We got dropped off right in front of a window where a man was happily hacking away at a glistening roast duck. Komail, who we were also meeting up with, was still on his way, so since we had a couple minutes to kill, we thought: why not? Why not indulge in some fatty, non-meal snacks before engaging in an intense cardio workout? Right? In any case, after I learned it was only a dollar for two pieces, there was no turning back.
Peking duck is like a little soft taco of duck skin (with a bit of meat hanging on for dear life), scallions, and hoisin or plum sauce on a steamed pancake. These pancakes were thicker than I was used to, but I enjoyed their fluffy, chewiness.

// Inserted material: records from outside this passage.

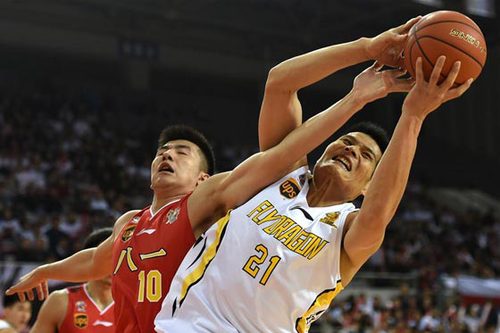 1119861908_title0h 1119861908_title0h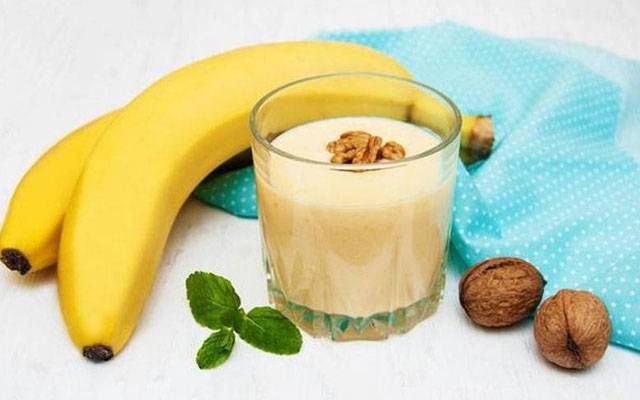 سحری میں  کونسی غذائیں افطاری تک تازہ دم رکھنے میں معاون ہیں؟
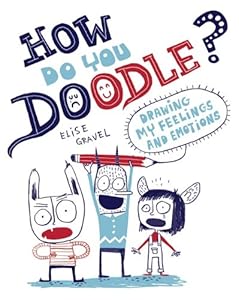 How Do You Doodle?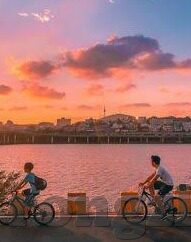 2021国产麻豆剧传媒网站-2021年国产麻豆剧传媒网站，影视创新与多元化呈现的探索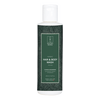 Raunsborg Hair & Body Wash For Men - 200 ml.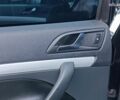 Черный Шкода Октавия, объемом двигателя 2 л и пробегом 252 тыс. км за 7990 $, фото 32 на Automoto.ua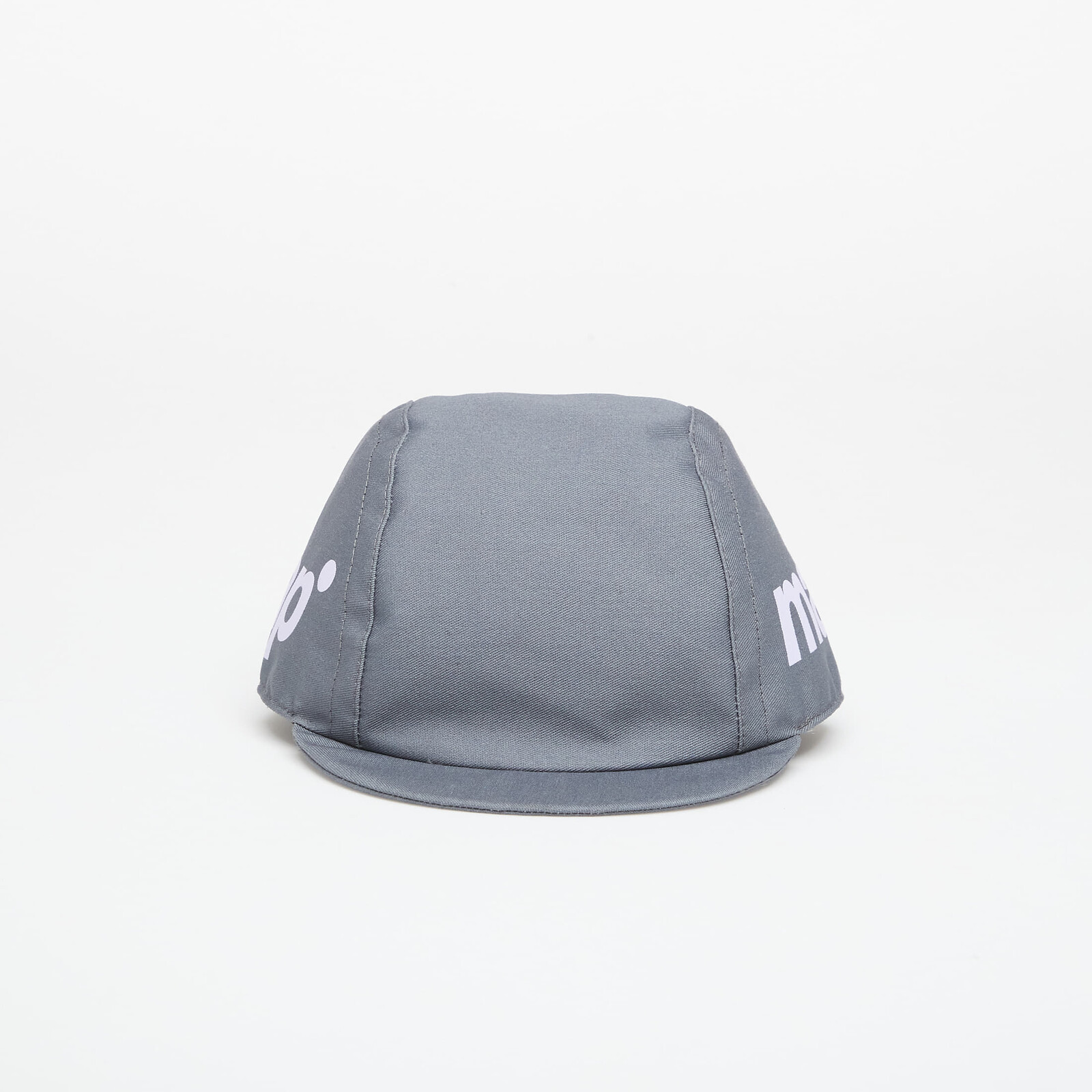 Šiltovka MAAP Training Cap Cobblestone Universal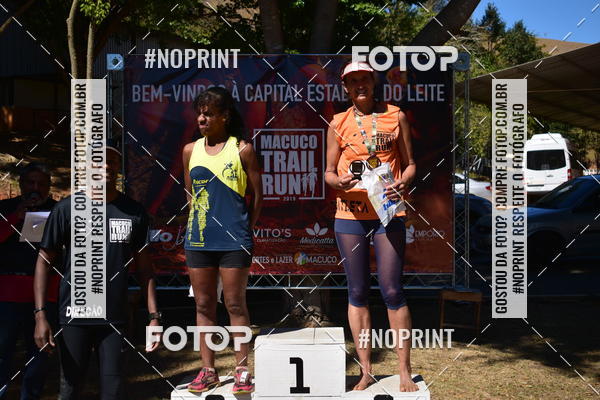 Buy your photos of the eventMACUCO TRAIL RUN on Fotop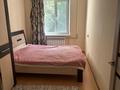 2-комнатная квартира · 45 м² · 3/5 этаж, Туркебаева 244 — Абая за 280 000 ₸ в Алматы, Бостандыкский р-н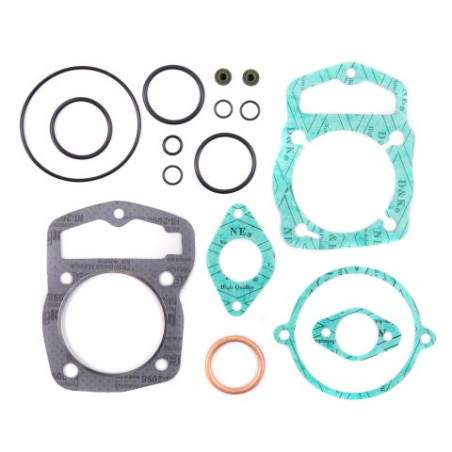 PROX TOP-END gaskets HONDA CRF 230F '03-19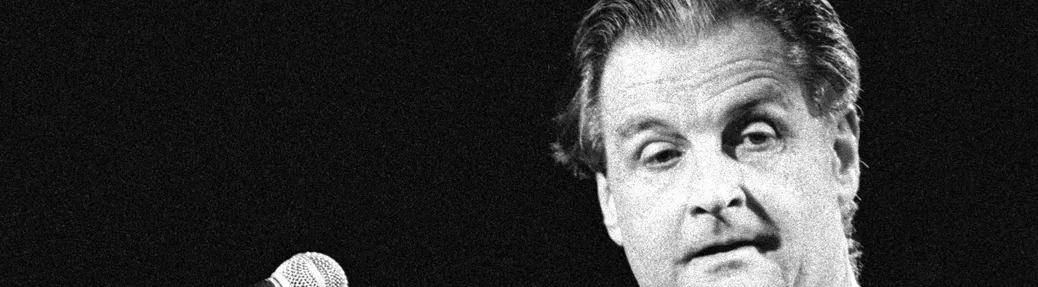 Geoff Muldaur Tickets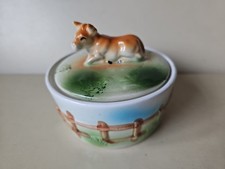 Ceramic jersey cow for sale Ceramic jersey cow for sale  BURTON-ON-TRENT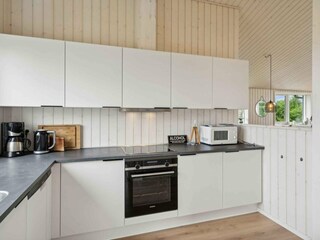 Ferienhaus Køge  17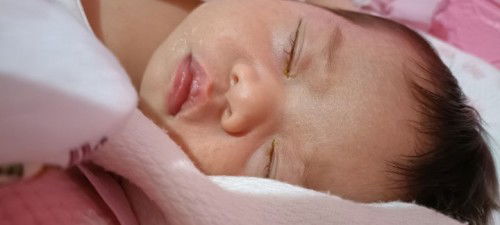 Mga momies sana matulungan nyo ko..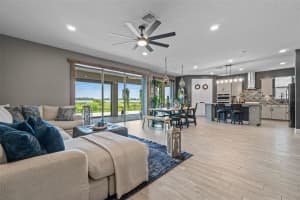 2330 NUTHATCH STREET, ST CLOUD, FL 34771 - MLS#MFRG5098170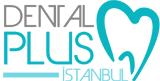 Dental Plus Istanbul interior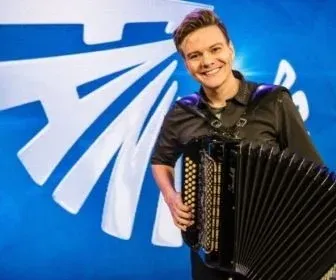 Globo desiste de ter astros do sertanejo como protagonistas de novela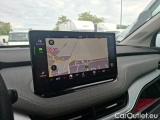  Skoda  ENYAQ 60KWH #16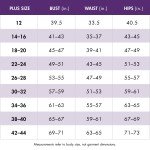 Plus Size Printed Slub Tunic for Women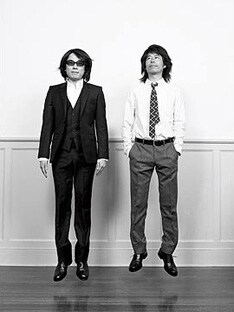 どのライブのどの曲が収録されるのか、詳細発表を楽しみにしておこう。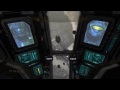 Halo 3: ODST: Prepare to Drop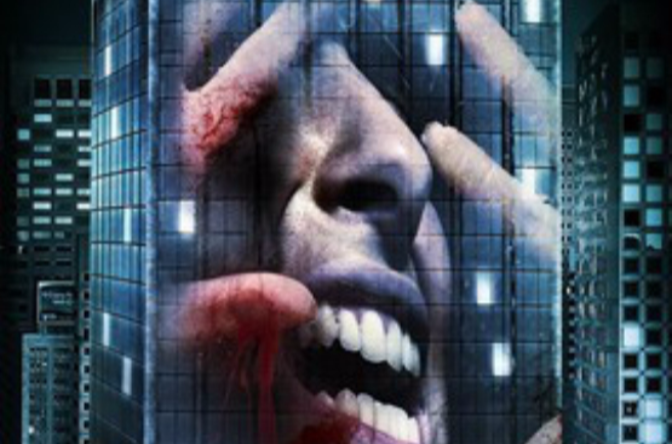 如何避开茶市高价陷阱？武汉茶友网直供产地省30%成本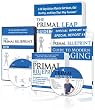 Primal Leap Kit by Mark Sisson - Primal Blueprint Program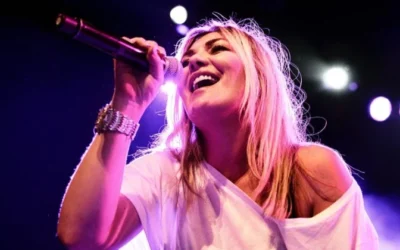 ¿Despertar católico o moda pasajera?: en España,la sed espiritual de los jóvenes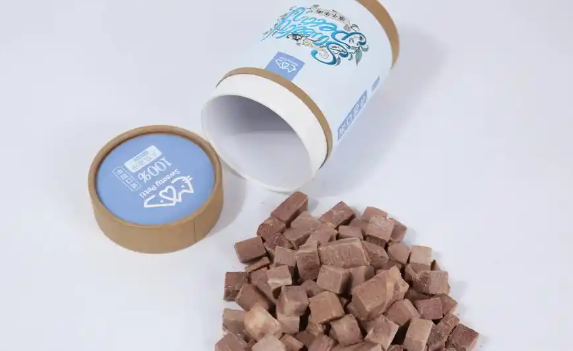 圣宠医冻干哪个好 圣宠医冻干哪个好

I devoured them in about 30 seconds. It opened up a window of hunger.
Right next door was a window where a guy was serving fish balls on a stick, simmering in a red hot liquid. For only a dollar. Next thing I knew, we were chomping away at those.
So the badminton games were a success, I was spent, and STARVING afterwards. Got a couple more orders of peking duck, a few to go, a few fish ball skewers to go, and an over-flowing container of fried noodles (FOR ONLY A DOLLAR) to go. I wasn’t about to go home empty handed.
Sophie’s, Tribeca
I love Cuban food because it’s hearty and meaty and sort of feeds your soul as well as your stomach.
I hungrily stumbled into Sophie’s on a Thursday afternoon. The place was busy with Wall Street types on their lunch break, and I pretty much sat elbow to elbow to the fellow at the next table. But the quick service made me forget how uncomfortable I was.
The plate arrived with lovely, saucy shredded beef and rice and beans that seemed to go on for days. It was a lot of food. But not for long.
Cuban food isn’t typically spicy, but Sophie’s has this green sauce that easily qualifies as liquid crack and adds a bit of a kick.
I’ve since been back three other times. The ropa vieja, oxtail stew (pictured), and goat stew are all delicious. But so far the pernil is the big winner, hands down.